Design and Creative Technologies art science collaborators Professor Len Gillman of the AUT Drone Lab, Associate Professor Andrew Denton, Art & Design and Susan Jowsey Senior Lecturer in Art & Design are exhibiting their work time’s strange tissue at the Auckland Festival of Photography.

The exhibition, in collaboration with AUTV, opens at 6 pm on Wednesday 2 June on the ground floor of WZ Nga Wai Hono and runs until 8 June.

time’s strange tissue explores aura using images captured by Len Gillman during a scientific expedition to Antarctica. Working mostly alone setting up GPS points, his photographs record the omnipresent terrain that is Antarctica.

Artists Sue Jowsey (of F4 Collective) and Andrew Denton collaborate with Gillman to create an exhibition exploring physical and psychological isolation.

Len, Sue and Andrew will discuss the work at a LASER (Leonardo Art Science Evening Rendezvous) talk from 5:00 pm on the opening night 2 June, chaired by Associate Professor Janine Randerson, co-host of LASER in Aotearoa.

Standing by the margin of the Ross Sea at Botany Bay, in one of Earth’s most isolated places, we are confronted by physical isolation subservient to time’s isolating touch. In this place, ghosts of struggle and survival are ever-present. A winter of darkness marks one of the most desperate and prolonged ordeals of human endeavour; though eight men survived, the traces of Scott’s expedition are caught in Zephyr’s frozen breath. The skeleton of a dog, still chained to the hut wall, an uneaten seal carcass lying on the floor, tins of food – each a story etched into the edge of time. Antarctica is a place alive with what Walter Benjamin’s describes as aura, a “…strange tissue of space and time: unique appearance of distance, however near it may be.”

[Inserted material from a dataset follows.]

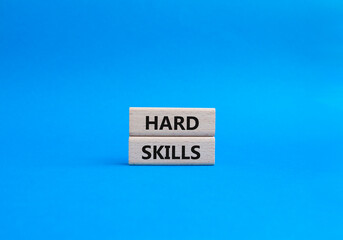 Hard skills symbol. Wooden blocks with words Hard skills. Beautiful blue background. Business and Hard skills concept. Copy space.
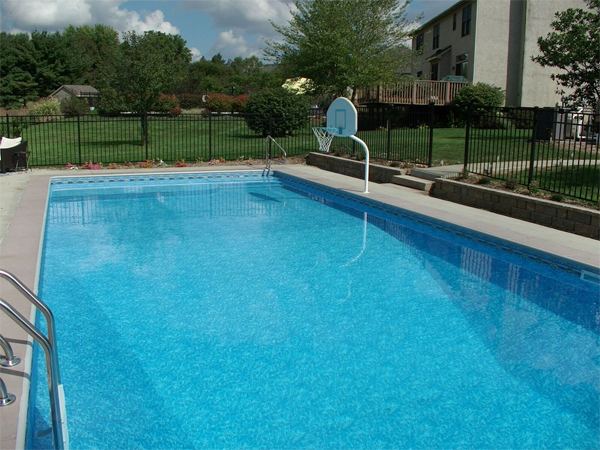 Vinyl liner inground pool with volleyball net and stamped concrete deck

This discussion is the seventh Auckland LASER talk (Leonardo Art Science Evening Rendezvous), an international platform for informal conversations that bring together artists, designers, scientists, activists, and communities. This presentation will focus on two narrative-based projects that engage with cultural and historical identity through immersive media.

Time’s strange tissue will be touring Australia on public screens via an affiliation with UTV Urban Screen Productions as well as featuring at Nanyang Technological University in Singapore later in the year.